Anarchisten aus aller Welt sind am Mittwoch in den Berner Jura gepilgert. Bis Sonntag findet in St. Immer ein internationales Treffen von Libertären statt. Die Veranstalter rechnen mit rund 3000 Teilnehmern an den Workshops, Gesprächsrunden und Konzerten.
„Die Besucher kommen von allen Kontinenten ausser der Antarktis“, sagte Michel Nemitz vom autonomen Kulturzentrum Espace Noir in St. Immer vor den Medien. Dass das Treffen ausgerechnet in der 4800-Seelen-Gemeinde stattfindet, ist indes kein Zufall.
„St. Immer ist ein historischer Ort für die Anarchisten der ganzen Welt“ sagte Nemitz. Vor 140 Jahren nämlich fand in einem Gasthof in der Region eine Anarchisten-Zusammenkunft statt, aus der die erste anti-autoritäre Internationale hervorging.

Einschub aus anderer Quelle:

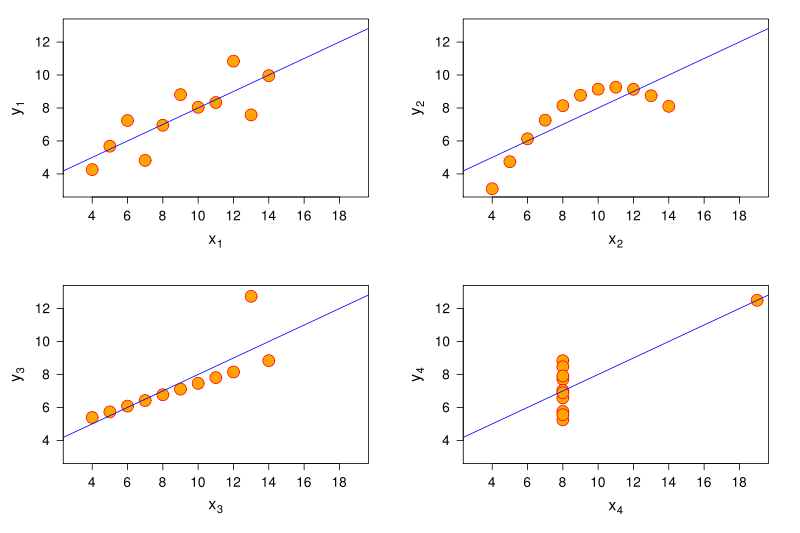 Accelerating data applications with Jupyter Notebooks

Mit von der Partie war damals auch der russische Revolutionär und Philosoph Michael Bakunin. Die anti-autoritäre Internationale war eine Reaktion zu der von Karl Marx initiierten Internationalen. Anarchisten kritisierten diese als autoritär.
Gegen Gewalt
Der fünftägige Kongress soll nun unter anderem die Möglichkeit bieten, eine Bilanz der anarchistischen Bewegung zu ziehen, wie Nemitz weiter sagte. Zudem wollten die Anarchisten die Kräfte der Unterdrückten gegen ihre Unterdrücker bündeln. „Aber Gewalt ist nicht unsere Sache“, sagte der Gewerkschafter Aristides Pedraza.
Für die Anarchisten reichten Kundgebungen auf der Strasse jedoch nicht aus, um die Gesellschaft zu verändern oder der Wirtschaftskrise zu trotzen. Vielmehr brauche es Raum für Widerstand und Solidarität wie etwa bei der Bewegung der sogenannten Empörten, sagte Pedraza.
Die Veranstaltungen in St. Immer sind öffentlich. Auf dem Programm stehen etwa Konferenzen, Runde Tische, Ausstellungen, Film- und Theatervorführungen und eine Buchmesse. Zu den Gesprächsthemen gehören unter anderen die autonomen Kulturzentren, der zivile Ungehorsam, die Situation in Griechenland und die Schuldenkrise generell.
Grosses Medienecho
In St. Immer fallen die Anarchisten auf. Sie sind meist schwarz gekleidet und halten sich in Gruppen auf. Praktisch alle Altersklassen sind am Treffen vertreten.
Bei der Bergbahn zum Mont-Soleil treffen Wanderer und Libertäre aufeinander: Die einen wollen im Gebirge des Berner Juras wandern, die anderen wollen ein temporäres Zeltlager aufstellen. Die Stimmung erinnert teilweise an ein Open-Air.
Die massenweise Ankunft der Anarchisten dürfte ausserdem das Geschäft des lokalen Gewerbes ankurbeln. Derzeit bevölkern viele Libertäre die Terrassen der Gaststätten der Gemeinde. Für den Anlass steht überdies ein fünfsprachiger Kinderhort zur Verfügung.
Das anarchistische Treffen stösst ausserdem auf grosses Medieninteresse. Rund 70 Journalisten aus dem In- und Ausland haben sich für den Anlass akkreditiert.